I’m an artistic genius. No?

You know, I refrained myself at a point, or else I would also have been — a doctor — a teacher — a policeman. Yea, I didn’t want my name in the Guinness Book.

Ah! I guess now you know the kind of a person I am. What else is left to say, eh? But wait, there’s much more.

Hola! Welcome Salaam Namastey

Allow me to introduce myself — My name iss I always fuck things up — What? Don’t you believe me? Well, stay in here till the end.

I think I’m too late to introduce myself to the community, as most people already know me here. Okay, no one wants to know me personally, but come on, accept this you know me as a fellow writer.

Remember me? Yea, we meet here daily on Medium for boozing. No way, don’t say you don’t. Pshaw! Same here!

I’m One of a Kind

I’m a 20-something poor brat whose only intention of coming to this earth is to travel and explore. I do things just for the sake of exploring. Once I stole my Dad’s wallet just to explore what was inside. Ugh, it still hurts on the bum!

I was born in India into a wealthy family (not anymore) in the mid-90s. My Dad is a famous businessman, but you mustn’t know him. He doesn’t like socializing. My mom is a homemaker, and my brother is busy becoming an engineer.

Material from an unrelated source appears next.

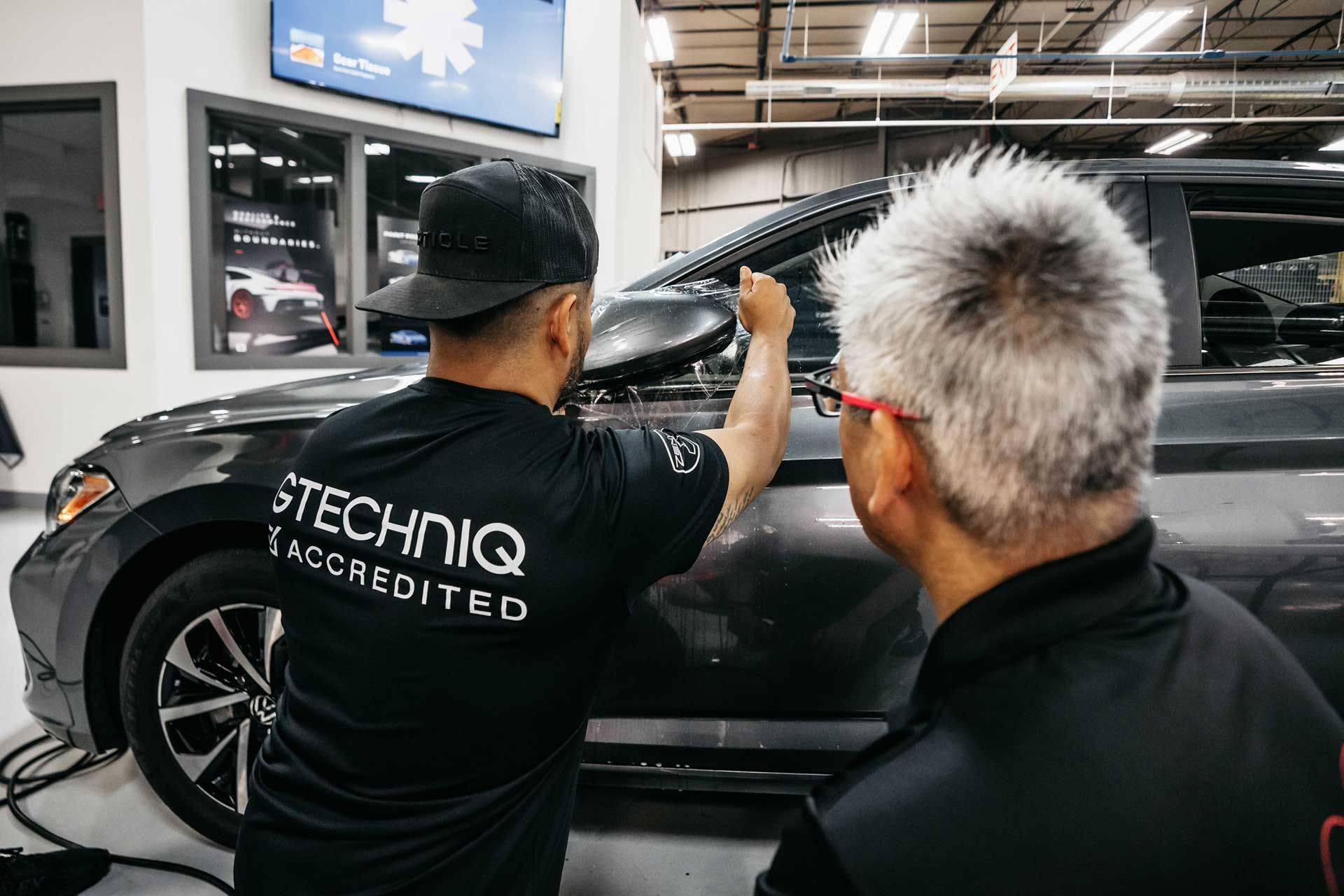 Two men are working on a car in a garage.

I took my education from 7 different schools and colleges. No-No-No I never failed. I can telegram you my grade cards. I’m an incomplete MBA. I know I don’t look like one but trust me, I’m a proud MBA dropout.

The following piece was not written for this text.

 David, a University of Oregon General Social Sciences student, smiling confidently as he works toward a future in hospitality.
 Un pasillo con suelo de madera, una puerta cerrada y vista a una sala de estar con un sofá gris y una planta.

The reason behind it is a tragic girl-crazy but boy-lazy love story (I’m sure you’ll find it fascinating), but I’ll talk about it some other day.

I’m a very social kind of person. There’s no single day when I don’t go to a cemetery. Yea! We like ghosting around.

You’ll find me as “Humpty” on most of my social media accounts. I don’t know why people always say, “Hey, Humpty! Watch out for your eggs.” I mean, Okay! Humpty sits on walls and looks like an egg. Right? So what? Mindless souls.

That’s how we do social media promotion here;
FacebookInstagramSnapchatTwitter LinkedIn

Did I miss something? Oh, Yeah!

I even made an account on Tinder once. And you won’t believe I came across hundreds of girls over there, and I ‘left swiped’ them all. What? Okay, they all rejected me. But Isn’t it cool? Getting rejected by so many girls feels much better than getting dumped by one.

My Mom Made Me a Gamer

Video games have always been my best friend, my friend in loneliness.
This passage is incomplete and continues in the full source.